I just have a few nit-picky issues with the film. Its quite impressive and hilarious at times, but one problem really is that there isn't too much of a pay-off to the action beyond putting the animals into such bizarre situations. The main pleasure to be found here comes from the juxtaposition of say seeing a stampede of cattle through an outdoor cafe or a polar bear wandering down the corridor of a school, not from any particular narrative resolution to that situation.
And why no birds involved in the action? (apart from the owl, who looks like it just wants to be left alone and not get touched!) There are a couple of shots of an owl, and some stuffed birds in the blind man's apartment, but other than that they don't feature much.

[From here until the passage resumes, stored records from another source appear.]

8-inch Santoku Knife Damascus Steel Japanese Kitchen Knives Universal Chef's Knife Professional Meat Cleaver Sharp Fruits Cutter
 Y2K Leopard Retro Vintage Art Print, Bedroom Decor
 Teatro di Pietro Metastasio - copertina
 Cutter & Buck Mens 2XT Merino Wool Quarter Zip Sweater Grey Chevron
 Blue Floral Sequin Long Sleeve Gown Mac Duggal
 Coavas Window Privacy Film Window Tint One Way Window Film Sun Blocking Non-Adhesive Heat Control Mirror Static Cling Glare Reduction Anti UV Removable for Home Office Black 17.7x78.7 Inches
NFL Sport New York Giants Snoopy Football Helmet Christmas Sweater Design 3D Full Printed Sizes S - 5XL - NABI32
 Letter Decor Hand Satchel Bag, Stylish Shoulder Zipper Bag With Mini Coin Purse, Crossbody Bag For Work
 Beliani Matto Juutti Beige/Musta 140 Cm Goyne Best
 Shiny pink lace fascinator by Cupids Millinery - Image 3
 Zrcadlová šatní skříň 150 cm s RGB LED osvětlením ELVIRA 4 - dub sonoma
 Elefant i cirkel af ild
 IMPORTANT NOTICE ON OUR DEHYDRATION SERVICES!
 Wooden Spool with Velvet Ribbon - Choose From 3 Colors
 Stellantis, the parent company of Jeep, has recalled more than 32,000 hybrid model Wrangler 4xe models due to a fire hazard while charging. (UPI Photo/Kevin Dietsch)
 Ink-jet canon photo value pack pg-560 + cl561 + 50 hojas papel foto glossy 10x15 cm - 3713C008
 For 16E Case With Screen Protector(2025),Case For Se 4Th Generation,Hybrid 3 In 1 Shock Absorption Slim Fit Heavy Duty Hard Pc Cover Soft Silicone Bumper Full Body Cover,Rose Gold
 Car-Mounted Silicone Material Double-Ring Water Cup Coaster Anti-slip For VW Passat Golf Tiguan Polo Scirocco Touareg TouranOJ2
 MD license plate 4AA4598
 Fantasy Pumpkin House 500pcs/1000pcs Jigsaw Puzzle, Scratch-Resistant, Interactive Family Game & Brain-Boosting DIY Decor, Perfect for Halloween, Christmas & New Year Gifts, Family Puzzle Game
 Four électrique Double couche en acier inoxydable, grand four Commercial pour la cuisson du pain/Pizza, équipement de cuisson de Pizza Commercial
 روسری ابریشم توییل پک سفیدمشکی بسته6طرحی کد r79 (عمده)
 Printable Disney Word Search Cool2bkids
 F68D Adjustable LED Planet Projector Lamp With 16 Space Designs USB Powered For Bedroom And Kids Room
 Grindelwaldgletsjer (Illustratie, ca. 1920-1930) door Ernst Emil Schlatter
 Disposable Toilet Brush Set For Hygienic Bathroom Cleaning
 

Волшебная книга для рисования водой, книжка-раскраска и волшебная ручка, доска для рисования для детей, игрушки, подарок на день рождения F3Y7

Perhaps birds going wild is a bit too complex to be pulled off as easily without special effects. Also how can you show an Esso petrol station in the (great) sequence of the cheetah wandering the neon lit streets of the city and not have a "put a tiger in your tank" allusion! They don't miss the ballet class doing a "dying swan" pun ("how about a dead duck?") later on!
Watch together with Peter Greenaway's A Zed and Two Noughts for an unforgettable insight into the working practices and state of mid-1980s European zoos! (And for an actual Esso reference!)